My ex was undiagnosed BPD, self diagnosed as a Highly Sensitive Person. I initially thought she had "only" severe depression. But researching after the relationship ended; BPD plus severe depression seems a reasonable view, though I am not qualified to diagnose.
The relationship was over 6 years but with big gaps after break-ups. We were together three times. Actual time together in a relationship was either between 25 or 29 months; this varied as she supposedly fully broke up with me very early on the third time we got together, just before lockdown and 3 months before we moved in together. In hindsight this breakup seems to have been planned to allow her a final meet with her ex boyfriend and a subsequent meet for sex with either him or a one-off from internet dating. Each of the three times we were in a relationship, they became worse, but the final time was fairly awful in entirety. This was probably because I was being punished for leaving her the second time (even though I was told to go after the first full meltdown I had seen), she left her current partner for me but clearly still remained in love with him (I was being triangulated like she had also done with him) and we were living together (a new experience for both of us). Due to Covid we were in the flat together permanently and she was completely paranoid about the virus; it meant any task or going outside was almost impossible. I'm a runner and outdoor person; so my health and mental state suffered considerably.
Her worry about Covid may not be BPD or even HSP related. She was always an indoor person and this to some degree may have been the perfect excuse not to go out and to lock her and me away.
I can provide more stories, but they are very typical BPD female. The last two months I didn't know who I was, severe depression, anxiety and extreme nervousness. She wanted me gone and was using all emotional techniques to finish me; belittling, extreme rages, days of silent treatment followed by switches to complete normality. The rages included the most disgusting language I have ever heard, spitting on me and physical abuse on two occasions. I think she was surprised I finally said I was leaving, I didn't want to and I did want to return. I was undignified begging to return as I did plan to spend my life and have a family with her.
After 2 months my brain does still crave the daily drama and turmoil. Normal life was what I wanted to escape to, but now I have it, I desperately miss her. Like most BPD women she could also be incredibly affectionate, was very intelligent and attractive. I am in therapy, which is something I thought I'd never do in my life. I may never be completely the same again, but I'll improve.

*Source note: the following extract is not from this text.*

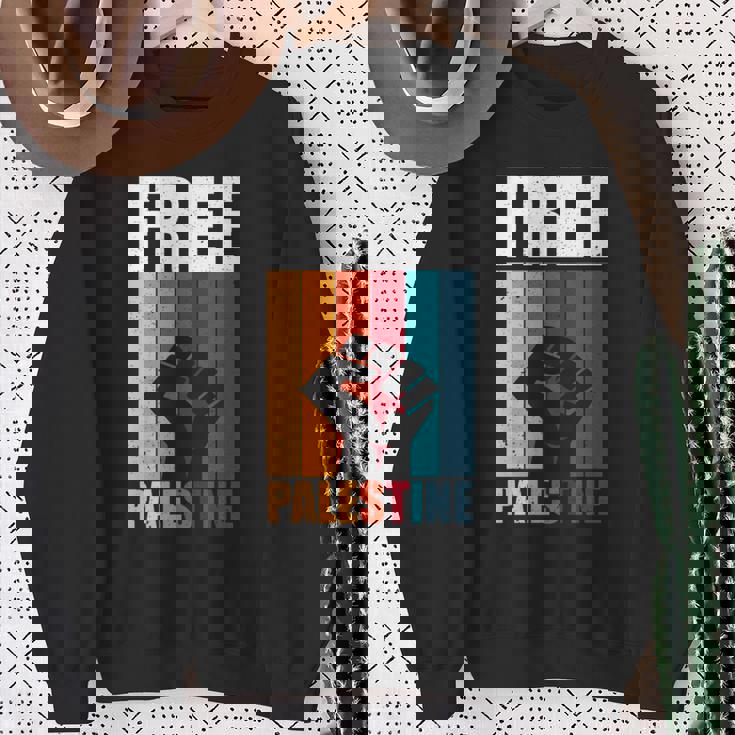 パレスチナ人のためのフリーパレスチナのレトロなビンテージデザイン 長袖tシャツ スウェットシャツ 年配の女性への贈り物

Since learning about BPD, I understand some of the pain she must have felt and it does make me feel incredibly sad for her and ashamed I was unable to have deep conversations about her problems. She would always say I would run away; but part of the condition is that they push you away, you have almost no choice but to leave eventually. Maybe my story with her is not over yet as I was her first real boyfriend and each time we have got back together it is like she needed me back to save her from something. But this time I think she permanently painted me black when in a broken mental state I told her I no longer loved her and wanted to leave. I am also deluded and in denial in thinking she really does love me and that my story could be any different to 95% of those on the internet.
I don't want to advise any men with BPD partners as I'm still foolishly in love with my ex. However, educate yourself as soon as red flags start appearing, set boundaries and try and have some self respect; all things I failed with.